The home-study invasion · 2017
An academic delivering a serious live interview from his study was upstaged when his small daughter marched in behind him, trailed by a baby in a walker and a parent skidding across the floor to retrieve them. Beamed around the world, it became the defining live-TV moment of the home-broadcast age — a trailer for the decade to come.
It’ll Be Alright on the Night · from 1977
The final entry is the programme that turned the blooper itself into a beloved format. For decades, Denis Norden’s clipboard introduced the nation to the year’s out-takes and on-air calamities — proof that Britain does not merely tolerate the live mistake but actively curates it.
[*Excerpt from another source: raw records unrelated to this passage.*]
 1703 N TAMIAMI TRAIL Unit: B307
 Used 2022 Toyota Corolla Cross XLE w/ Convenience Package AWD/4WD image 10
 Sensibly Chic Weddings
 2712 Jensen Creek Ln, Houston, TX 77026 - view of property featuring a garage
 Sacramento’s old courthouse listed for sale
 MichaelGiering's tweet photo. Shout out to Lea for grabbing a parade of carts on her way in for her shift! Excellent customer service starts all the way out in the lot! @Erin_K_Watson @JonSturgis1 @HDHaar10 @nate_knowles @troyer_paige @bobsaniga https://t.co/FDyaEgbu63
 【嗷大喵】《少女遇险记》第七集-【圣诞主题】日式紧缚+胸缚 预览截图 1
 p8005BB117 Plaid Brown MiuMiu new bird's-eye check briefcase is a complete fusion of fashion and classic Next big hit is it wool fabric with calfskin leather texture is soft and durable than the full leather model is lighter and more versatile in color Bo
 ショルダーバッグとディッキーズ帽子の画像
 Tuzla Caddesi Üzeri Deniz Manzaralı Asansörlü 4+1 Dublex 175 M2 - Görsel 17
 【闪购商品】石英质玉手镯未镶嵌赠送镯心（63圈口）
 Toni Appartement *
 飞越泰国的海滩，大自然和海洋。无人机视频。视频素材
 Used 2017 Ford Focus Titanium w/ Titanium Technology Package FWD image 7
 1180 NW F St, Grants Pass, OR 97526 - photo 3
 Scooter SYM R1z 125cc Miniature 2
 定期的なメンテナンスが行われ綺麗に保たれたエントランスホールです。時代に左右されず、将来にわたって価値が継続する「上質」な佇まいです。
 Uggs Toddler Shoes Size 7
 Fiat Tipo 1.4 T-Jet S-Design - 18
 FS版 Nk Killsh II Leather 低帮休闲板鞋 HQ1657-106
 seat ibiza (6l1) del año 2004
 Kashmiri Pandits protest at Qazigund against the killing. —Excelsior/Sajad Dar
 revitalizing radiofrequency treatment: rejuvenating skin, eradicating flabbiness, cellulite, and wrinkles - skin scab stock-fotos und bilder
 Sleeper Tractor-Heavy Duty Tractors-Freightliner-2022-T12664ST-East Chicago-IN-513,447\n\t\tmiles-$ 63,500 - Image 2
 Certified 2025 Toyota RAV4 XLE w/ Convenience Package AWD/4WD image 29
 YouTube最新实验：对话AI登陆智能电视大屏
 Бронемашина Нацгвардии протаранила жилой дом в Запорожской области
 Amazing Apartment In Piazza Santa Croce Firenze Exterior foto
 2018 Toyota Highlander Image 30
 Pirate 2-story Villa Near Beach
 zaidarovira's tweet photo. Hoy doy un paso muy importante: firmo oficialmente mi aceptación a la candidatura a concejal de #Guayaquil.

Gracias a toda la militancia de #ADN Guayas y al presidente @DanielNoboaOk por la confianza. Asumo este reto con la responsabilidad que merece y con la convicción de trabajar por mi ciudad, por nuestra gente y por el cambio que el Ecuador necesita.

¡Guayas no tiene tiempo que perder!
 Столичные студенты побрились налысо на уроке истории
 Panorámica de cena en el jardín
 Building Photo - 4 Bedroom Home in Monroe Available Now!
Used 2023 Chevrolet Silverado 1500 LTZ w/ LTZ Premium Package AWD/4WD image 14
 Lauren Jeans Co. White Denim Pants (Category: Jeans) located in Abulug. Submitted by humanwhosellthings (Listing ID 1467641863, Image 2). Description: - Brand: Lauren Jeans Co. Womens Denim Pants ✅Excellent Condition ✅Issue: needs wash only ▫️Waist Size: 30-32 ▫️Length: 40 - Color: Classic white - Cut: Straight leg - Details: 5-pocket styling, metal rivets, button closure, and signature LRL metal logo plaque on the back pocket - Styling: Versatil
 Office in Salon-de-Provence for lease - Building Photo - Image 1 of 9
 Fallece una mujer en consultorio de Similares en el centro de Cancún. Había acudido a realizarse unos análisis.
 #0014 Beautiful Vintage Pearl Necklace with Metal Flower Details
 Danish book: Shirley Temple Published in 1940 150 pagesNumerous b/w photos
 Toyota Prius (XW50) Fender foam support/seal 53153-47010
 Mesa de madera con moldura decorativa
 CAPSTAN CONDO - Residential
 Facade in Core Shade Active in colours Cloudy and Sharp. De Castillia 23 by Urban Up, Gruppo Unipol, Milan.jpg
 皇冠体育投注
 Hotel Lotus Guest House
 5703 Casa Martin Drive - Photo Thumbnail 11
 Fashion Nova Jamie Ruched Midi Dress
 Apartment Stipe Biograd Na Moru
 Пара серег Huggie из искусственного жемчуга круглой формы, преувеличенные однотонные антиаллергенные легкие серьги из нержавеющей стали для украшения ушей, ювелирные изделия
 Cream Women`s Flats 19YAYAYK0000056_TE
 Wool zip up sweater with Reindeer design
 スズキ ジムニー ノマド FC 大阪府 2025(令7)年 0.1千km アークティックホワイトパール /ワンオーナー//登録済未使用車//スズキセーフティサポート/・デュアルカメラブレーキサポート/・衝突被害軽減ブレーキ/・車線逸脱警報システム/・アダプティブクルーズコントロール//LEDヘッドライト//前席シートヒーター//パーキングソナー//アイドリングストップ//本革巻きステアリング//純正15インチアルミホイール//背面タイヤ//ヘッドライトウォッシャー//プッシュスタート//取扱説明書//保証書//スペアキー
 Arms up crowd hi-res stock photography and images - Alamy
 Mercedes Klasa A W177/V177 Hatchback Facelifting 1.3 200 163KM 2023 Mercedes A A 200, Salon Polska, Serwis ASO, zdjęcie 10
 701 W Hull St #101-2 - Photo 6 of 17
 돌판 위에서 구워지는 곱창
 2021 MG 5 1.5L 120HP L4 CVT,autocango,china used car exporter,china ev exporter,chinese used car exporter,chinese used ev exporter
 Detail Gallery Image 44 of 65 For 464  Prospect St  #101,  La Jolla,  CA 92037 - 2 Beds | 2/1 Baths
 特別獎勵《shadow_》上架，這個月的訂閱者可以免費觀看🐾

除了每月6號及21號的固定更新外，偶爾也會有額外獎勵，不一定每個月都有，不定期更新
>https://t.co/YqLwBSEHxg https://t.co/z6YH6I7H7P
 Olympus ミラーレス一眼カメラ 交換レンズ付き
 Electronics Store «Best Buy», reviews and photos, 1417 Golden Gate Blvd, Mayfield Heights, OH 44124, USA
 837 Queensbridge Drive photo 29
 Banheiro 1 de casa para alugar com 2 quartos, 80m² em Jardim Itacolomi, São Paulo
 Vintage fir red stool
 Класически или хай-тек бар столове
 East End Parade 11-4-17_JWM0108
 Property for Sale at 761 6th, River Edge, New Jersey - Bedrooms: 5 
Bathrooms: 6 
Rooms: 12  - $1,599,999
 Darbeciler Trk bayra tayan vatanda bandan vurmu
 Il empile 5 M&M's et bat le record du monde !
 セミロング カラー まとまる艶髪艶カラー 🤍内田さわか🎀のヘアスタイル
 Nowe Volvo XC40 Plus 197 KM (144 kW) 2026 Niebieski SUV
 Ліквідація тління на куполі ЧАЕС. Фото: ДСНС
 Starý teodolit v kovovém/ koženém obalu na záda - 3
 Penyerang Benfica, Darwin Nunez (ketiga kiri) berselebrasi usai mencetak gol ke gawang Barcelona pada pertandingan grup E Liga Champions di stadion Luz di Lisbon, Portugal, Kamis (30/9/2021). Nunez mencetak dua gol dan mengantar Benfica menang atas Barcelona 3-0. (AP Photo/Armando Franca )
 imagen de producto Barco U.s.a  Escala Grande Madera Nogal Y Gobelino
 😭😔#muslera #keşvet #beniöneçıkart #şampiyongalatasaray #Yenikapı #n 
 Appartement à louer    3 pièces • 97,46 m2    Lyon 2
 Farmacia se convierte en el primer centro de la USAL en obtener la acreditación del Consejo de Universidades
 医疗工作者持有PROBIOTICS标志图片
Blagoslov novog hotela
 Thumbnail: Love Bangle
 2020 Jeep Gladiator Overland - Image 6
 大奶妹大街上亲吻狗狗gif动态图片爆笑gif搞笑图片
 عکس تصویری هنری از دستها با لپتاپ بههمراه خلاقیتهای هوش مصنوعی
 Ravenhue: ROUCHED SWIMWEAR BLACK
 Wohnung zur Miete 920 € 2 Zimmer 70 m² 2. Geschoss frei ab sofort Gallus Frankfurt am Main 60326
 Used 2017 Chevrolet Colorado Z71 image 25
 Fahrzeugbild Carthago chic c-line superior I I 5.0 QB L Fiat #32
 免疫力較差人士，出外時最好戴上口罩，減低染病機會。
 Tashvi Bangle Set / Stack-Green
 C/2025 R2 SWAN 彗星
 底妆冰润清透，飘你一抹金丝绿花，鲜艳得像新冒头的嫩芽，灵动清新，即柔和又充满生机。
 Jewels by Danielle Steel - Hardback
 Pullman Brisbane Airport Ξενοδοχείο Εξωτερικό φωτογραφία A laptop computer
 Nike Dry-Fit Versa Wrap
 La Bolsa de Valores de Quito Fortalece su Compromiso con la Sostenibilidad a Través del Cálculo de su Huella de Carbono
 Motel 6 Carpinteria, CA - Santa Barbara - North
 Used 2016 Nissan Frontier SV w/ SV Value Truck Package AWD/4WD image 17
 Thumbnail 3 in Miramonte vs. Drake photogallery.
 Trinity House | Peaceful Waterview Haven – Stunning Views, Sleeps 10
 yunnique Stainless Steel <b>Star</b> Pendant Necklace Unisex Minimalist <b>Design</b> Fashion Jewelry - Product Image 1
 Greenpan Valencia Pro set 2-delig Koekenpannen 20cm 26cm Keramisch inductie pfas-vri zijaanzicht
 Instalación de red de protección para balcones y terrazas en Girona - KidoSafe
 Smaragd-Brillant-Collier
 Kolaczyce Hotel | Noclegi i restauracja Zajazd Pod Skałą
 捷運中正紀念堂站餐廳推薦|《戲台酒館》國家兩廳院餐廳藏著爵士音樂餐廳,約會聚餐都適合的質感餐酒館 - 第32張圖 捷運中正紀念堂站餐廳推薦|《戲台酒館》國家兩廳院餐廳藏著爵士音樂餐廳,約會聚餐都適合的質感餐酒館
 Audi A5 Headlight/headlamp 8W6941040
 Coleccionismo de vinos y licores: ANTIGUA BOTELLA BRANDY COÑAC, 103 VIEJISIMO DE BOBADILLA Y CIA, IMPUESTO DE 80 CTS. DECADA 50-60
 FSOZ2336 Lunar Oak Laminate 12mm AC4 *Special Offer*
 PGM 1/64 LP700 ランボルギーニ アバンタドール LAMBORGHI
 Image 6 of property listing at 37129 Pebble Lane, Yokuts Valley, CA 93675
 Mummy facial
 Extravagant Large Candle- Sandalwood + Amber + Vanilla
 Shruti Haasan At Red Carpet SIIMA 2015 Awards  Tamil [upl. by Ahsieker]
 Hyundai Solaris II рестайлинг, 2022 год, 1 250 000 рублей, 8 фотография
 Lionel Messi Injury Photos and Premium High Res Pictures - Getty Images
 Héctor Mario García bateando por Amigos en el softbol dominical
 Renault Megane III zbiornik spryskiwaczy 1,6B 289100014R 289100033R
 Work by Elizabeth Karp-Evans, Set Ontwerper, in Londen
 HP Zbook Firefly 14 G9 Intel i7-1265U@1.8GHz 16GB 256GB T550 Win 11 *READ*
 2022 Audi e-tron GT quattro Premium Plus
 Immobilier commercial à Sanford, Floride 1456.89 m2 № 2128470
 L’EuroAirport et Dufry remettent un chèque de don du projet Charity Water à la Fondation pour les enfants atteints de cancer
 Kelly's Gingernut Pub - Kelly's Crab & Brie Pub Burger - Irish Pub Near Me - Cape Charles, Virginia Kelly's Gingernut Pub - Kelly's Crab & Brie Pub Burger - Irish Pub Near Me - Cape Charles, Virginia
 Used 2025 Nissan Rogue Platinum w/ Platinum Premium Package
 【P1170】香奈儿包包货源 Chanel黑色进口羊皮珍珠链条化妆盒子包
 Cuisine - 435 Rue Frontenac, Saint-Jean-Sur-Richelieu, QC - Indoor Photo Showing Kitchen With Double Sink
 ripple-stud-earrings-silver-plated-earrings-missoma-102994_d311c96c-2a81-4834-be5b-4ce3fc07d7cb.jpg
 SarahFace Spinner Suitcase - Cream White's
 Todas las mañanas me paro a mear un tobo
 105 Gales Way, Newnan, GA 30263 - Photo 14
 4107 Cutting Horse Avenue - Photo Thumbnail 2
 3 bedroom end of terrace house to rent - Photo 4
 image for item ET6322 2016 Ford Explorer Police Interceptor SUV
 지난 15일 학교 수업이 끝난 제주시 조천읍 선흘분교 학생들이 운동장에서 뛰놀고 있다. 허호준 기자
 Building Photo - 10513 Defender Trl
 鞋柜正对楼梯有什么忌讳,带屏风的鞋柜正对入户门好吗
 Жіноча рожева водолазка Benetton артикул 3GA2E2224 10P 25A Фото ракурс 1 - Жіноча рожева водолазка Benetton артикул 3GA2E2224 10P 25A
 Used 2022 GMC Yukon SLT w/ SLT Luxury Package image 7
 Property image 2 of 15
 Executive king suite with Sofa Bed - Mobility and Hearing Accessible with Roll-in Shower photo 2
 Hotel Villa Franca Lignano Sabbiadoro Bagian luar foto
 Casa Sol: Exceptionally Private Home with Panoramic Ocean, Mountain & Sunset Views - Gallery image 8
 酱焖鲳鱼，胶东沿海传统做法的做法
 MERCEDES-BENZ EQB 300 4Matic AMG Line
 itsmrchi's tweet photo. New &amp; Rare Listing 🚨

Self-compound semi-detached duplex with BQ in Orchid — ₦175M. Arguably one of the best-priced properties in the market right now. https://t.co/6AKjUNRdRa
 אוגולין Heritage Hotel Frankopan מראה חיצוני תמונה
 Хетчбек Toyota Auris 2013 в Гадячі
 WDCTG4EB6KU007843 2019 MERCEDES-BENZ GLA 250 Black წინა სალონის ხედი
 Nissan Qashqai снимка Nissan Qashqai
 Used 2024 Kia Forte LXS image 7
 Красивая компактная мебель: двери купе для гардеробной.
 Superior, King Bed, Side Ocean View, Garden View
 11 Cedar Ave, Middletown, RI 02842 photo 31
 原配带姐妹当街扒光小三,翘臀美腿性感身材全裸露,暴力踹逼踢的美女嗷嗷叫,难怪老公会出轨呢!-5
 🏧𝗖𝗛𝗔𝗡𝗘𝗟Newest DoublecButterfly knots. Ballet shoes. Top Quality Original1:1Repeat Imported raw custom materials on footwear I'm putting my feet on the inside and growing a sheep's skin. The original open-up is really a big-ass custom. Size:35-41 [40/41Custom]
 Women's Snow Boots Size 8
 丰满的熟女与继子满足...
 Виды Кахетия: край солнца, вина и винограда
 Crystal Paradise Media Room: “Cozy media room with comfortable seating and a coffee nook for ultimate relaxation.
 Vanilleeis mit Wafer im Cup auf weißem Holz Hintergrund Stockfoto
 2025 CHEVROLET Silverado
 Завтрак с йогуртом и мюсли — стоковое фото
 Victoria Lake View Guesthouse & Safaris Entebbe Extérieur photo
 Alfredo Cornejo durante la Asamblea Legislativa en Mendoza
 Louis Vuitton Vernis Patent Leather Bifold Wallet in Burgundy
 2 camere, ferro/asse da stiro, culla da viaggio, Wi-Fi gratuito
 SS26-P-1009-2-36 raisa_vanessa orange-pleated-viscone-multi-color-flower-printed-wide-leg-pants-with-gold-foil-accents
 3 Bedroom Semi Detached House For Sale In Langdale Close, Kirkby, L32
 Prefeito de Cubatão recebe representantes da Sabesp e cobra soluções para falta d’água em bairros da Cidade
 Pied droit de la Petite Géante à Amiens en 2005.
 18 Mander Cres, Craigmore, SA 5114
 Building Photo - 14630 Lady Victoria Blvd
It is the reason so many of the moments above were preserved at all.

What they have in common
Sort the ten by genre and a pattern emerges. The moment that lasts is almost never the mistake itself but the recovery — Guy Goma’s held nerve, Simon McCoy’s deadpan, the gamble of handing a rain-soaked Centre Court to a passing pop star. Absurdity alone fades; absurdity met with composure becomes immortal.
| Genre | Example | Why it endures |
|---|---|---|
| Rolling news | Guy Goma; the ream of paper | Composure under self-inflicted pressure |
| Children’s TV | Lulu the elephant | Live animals plus a live studio |
| Weather | Michael Fish; the gesture | Certainty meeting the unforeseen |
| Sport | Wimbledon singalong | Dead air filled from nothing |
| Chat show | Emu vs Parkinson | Dignity ambushed by chaos |
The flawless live broadcast is forgotten by breakfast. The one where it all came apart is screened again for half a century.
Why the blooper is becoming rarer
The live mistake is, quietly, an endangered species. More television is pre-recorded, time-delayed or stitched together from segments that can be discreetly dropped; the genuine, anything-might-happen live broadcast is now largely confined to news, sport and a dwindling handful of events. The safety net producers always wanted is finally, mostly, in place — and something is lost along with it.
What survives is the clip. The home-study invasion of 2017 reached most of its enormous audience after transmission, shared and reshared, and lost none of its charm for it. That is the consolation: the blooper has simply migrated from the living room to the timeline. But the conditions that produced a Lulu the elephant — a nation watching the same channel at the same instant, with no way to cut away — are slipping into history. We will keep the out-takes. We may not get many more of them.